:: Records for this task ::

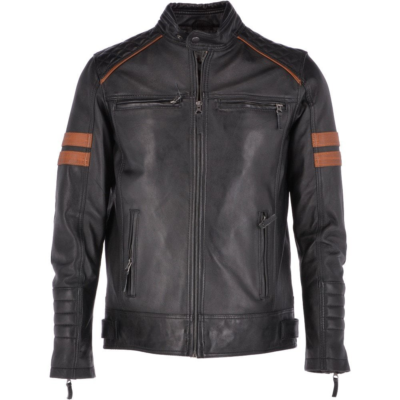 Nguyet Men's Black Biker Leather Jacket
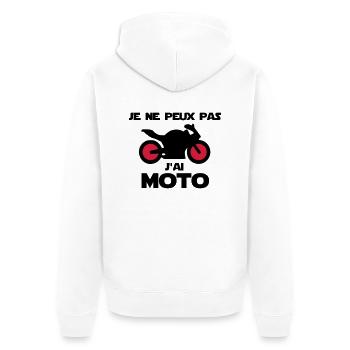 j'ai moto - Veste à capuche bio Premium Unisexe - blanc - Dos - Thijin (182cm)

:::
:: Records for this task ::

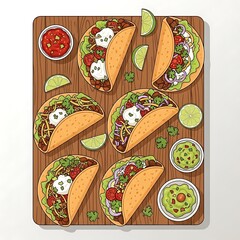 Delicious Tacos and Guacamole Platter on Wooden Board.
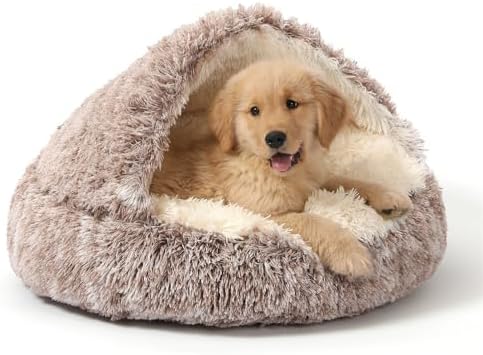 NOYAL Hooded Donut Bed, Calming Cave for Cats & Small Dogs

:::

_Work instructions_
Pictures in the material above should be skipped; print exactly the lines from the one with "Nguyet Men's Black Biker Leather Jacket" through the one with "j'ai moto - Veste".

_Your response_
 Nguyet Men's Black Biker Leather Jacket
 j'ai moto - Veste à capuche bio Premium Unisexe - blanc - Dos - Thijin (182cm)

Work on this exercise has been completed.